Table of Contents
Embedded Basics for Autonomous Car - This article is part of a series.
What You’ll Learn#
- Process vs Thread at the OS level — memory layout, PCB/TCB, context switching costs
- Race conditions, deadlocks, and how to prevent them
- Python’s GIL and when to use threading vs multiprocessing
- IPC mechanisms: Pipe, Queue, Shared Memory
- Why this matters: ROS2 Executors (Day 14) are built on these concepts
1. Process vs Thread#
Process#
A process is an independent program in execution. Each process has its own:
Process A (PID 100) Process B (PID 101)
┌──────────────────┐ ┌──────────────────┐
│ Code (.text) │ │ Code (.text) │
├──────────────────┤ ├──────────────────┤
│ Data (.data) │ │ Data (.data) │
├──────────────────┤ ├──────────────────┤
│ Heap │ │ Heap │
│ (malloc) │ │ (malloc) │
├──────────────────┤ ├──────────────────┤
│ │ │ │
│ Stack │ │ Stack │
└──────────────────┘ └──────────────────┘
Completely isolated Completely isolated
memory space memory spaceThe OS kernel maintains a Process Control Block (PCB) for each process:
| PCB Field | Description |
|---|---|
| PID | Process identifier |
| State | Running, Ready, Blocked, Zombie |
| PC | Program counter (where execution is) |
| Registers | CPU register snapshot |
| Memory map | Page table pointer |
| Open files | File descriptor table |
| Signals | Pending signals |
| Priority | Scheduling priority |
Thread#
A thread is a lightweight execution unit within a process. Threads share the process’s memory but have their own stack and registers:
Process A (PID 100)
┌──────────────────────────────────────┐
│ Code (.text) ← shared │
├──────────────────────────────────────┤
│ Data (.data) ← shared │
├──────────────────────────────────────┤
│ Heap ← shared │
├──────────────┬───────────────────────┤
│ Thread 0 │ Thread 1 │
│ Stack │ Stack │
│ Registers │ Registers │
│ PC │ PC │
└──────────────┴───────────────────────┘The OS maintains a Thread Control Block (TCB) — much smaller than a PCB:
| TCB Field | Description |
|---|---|
| Thread ID | Thread identifier |
| State | Running, Ready, Blocked |
| PC | This thread’s program counter |
| Registers | This thread’s register snapshot |
| Stack pointer | Points to this thread’s stack |
Context Switching Cost#
When the OS switches between processes/threads, it must save and restore state:
Process context switch (~1-10 µs):
- Save all CPU registers to outgoing PCB
- Save memory mapping (page table base register)
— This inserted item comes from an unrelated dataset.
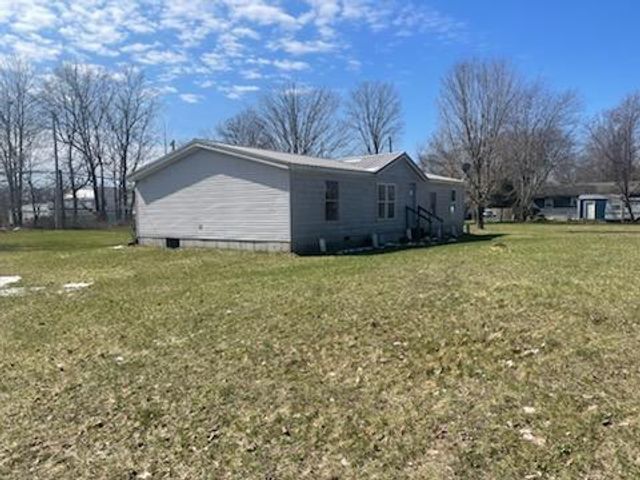 44 E Howard Street, Breedsville Vllg, MI 49056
- Flush TLB (Translation Lookaside Buffer) — this is expensive
- Load new page table from incoming PCB
- Restore all CPU registers
- Cache is now “cold” for the new process — performance penalty
Thread context switch (~0.1-1 µs):
- Save CPU registers to outgoing TCB
- Load CPU registers from incoming TCB
- No TLB flush (same address space!)
- No page table switch (same process!)
- Cache is more likely to be “warm”
Thread switches are ~10× faster than process switches because they share the same memory space.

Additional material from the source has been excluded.